What is Foot Drop?
In Multiple Sclerosis foot drop (or drop foot) is exactly what the name implies; The front of your foot drops as you take a step causing your toes to drag across the floor which of course can cause you to trip.
Basically what happens in MS is a partial paralysis of the muscle that lifts the front of the foot up (tibialis anterior) which inhibits your ability to lift the front of your foot up (dorsiflex) as you are taking a step. This can be the result of a damaged Peroneal nerve or some sort of lesion interrupting the signals sent to it from the brain (as MS does).
Foot Drop Complications
Well for one, the obvious, it can cause you to trip and even injure yourself upon falling. Over time (depending on how long this issue lasts for you) foot drop can impair your gait (the movement of your walking) by causing you to compensate for your foot drop by (for example) lifting your knee higher to avoid dragging your toes across the floor or even causing you to swing your leg out with each step rather then swinging it strait forward. For a while, when I had foot drop, it started causing joint paint in my hip because of my impaired gate, I was putting pressure on my leg in a way that I should not have been.
How to Treat Foot Drop
A simple solution is an ankle foot orthosis (AFO) [more simply known as a foot brace] which can be worn to help keep the toes lifted.
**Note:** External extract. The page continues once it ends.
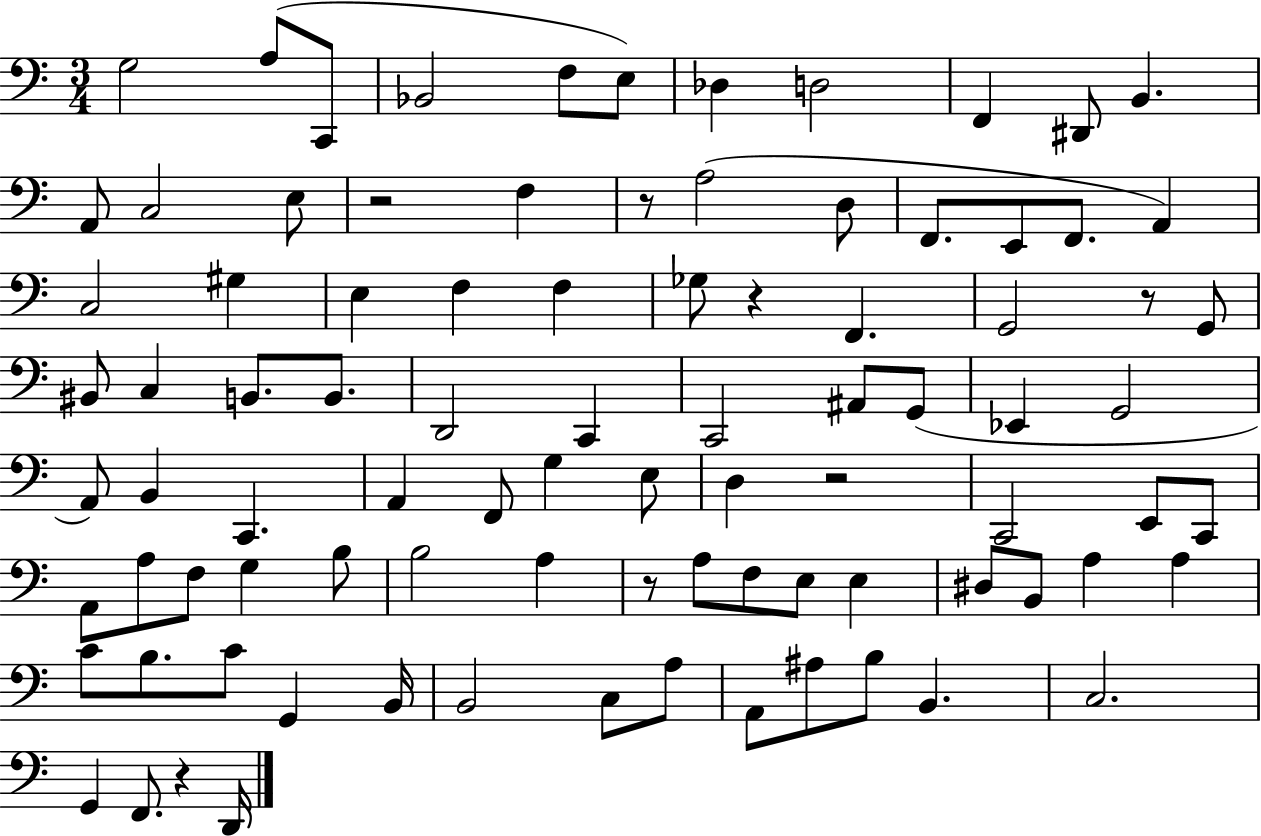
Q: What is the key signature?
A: C major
This simply goes around your foot and ankle under your shoe and pants (if you really want to hide it) and is what I used for foot drop. They also can put a rubber fitting on the bottom of your shoe so that when it does drop down it will slide across the floor rather then grip the floor which also can cause you to trip... Some people say physical therapy can help strengthen your ability to take a proper step which I totally agree with as I did much physical therapy and it definitely helped! For foot drop that persists there are small electronic devices that strap to your leg an deliver a small electrical signal (using AA batteries and two small electrodes) to your muscle to help stimulate it as you walk helping you lift your foot.